SHRVL: Schematron Hierarchical Report View Language

It is possible to take an SVRL document and convert it into a hierarchical XML document. This can give us another weapon in our toolbelt for feature extraction, understanding patterns of invalidity, and for detecting or taking a stab at implicit structures in documents without useful explicit markup.

The advent of ODF, OOXML and Epub/XHTML means it is not a big struggle to pull word-processed documents into our XML pipelines, and we have a fair idea of what the markup means. 

But this does nothing to simplify the remaining problem, that a document that has not been marked up structurally may have dozens of ways to represent the same thing.  And then the issue becomes one of how do we keep potentially hundreds of intertwined and overlapping considerations under control? How do we stop our code from becoming malignant spaghetti which we cannot reason about?

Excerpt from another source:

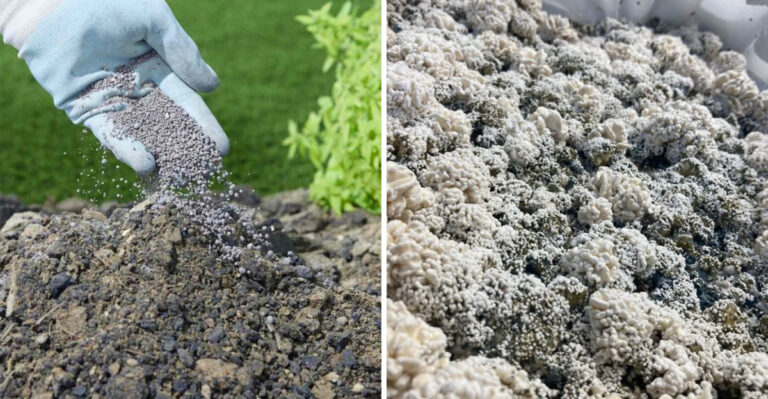 Massachusetts Gardeners Use This Simple Trick To Protect Clay Soil From Heavy Rain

I am calling this approach SHRVL, as it shrinks an SVRL document.  I have looked at related aspect before, in posts on Feature Grammars and Probabilistic Schemas, Hidden Markov Models, Neural Nets for XML.  (I don't expect to put out any implementation of this, unless some job requires it, but it if is useful, please go ahead and roll your own.)

An SVRL document may be transformed into SHVRL document, or a Schematron implementation could generate it directly instead of the SVRL.

Here is the Schematron pattern that describes any SHRVL document:

<sch:pattern name="SHRVL">
  <sch:rule context="\*">
     <sch:assert test="self::shrvl">The top-level element is "shrvl"</sch:assert>
  </sch:rule>
  <sch:rule context="*">
     <sch:assert test="number(@pos)">
     Elements other the top element "shrvl" need a pos attribute.
     It is the position of this element under its parent, in the original document.
     </sch:assert>
     <sch:assert  test="count(@*) = count(@pos) + count(@found) + count(@missed)">
     The only attributes allowed are pos, found and missed. 
     @found are any svrl:successful-report/@role tokens for that position.
     @missed are any svrl:failed-assert/@role tokens for that position.
     </sch:assert>
</sch:pattern>

Example

Lets imagine we have run Schematron over some large HTML document that has no styles etc, just simple elements.

  • For simplicity, our "Schematron Schema for Title Detection"  only uses sch:report not sch:assert.
  • So as not to swamp the reader, I will give this Schematron schema later.

We have generated an SVRL output, and selected that the locations should provide the path-position-name form of XPath (see examples below.) 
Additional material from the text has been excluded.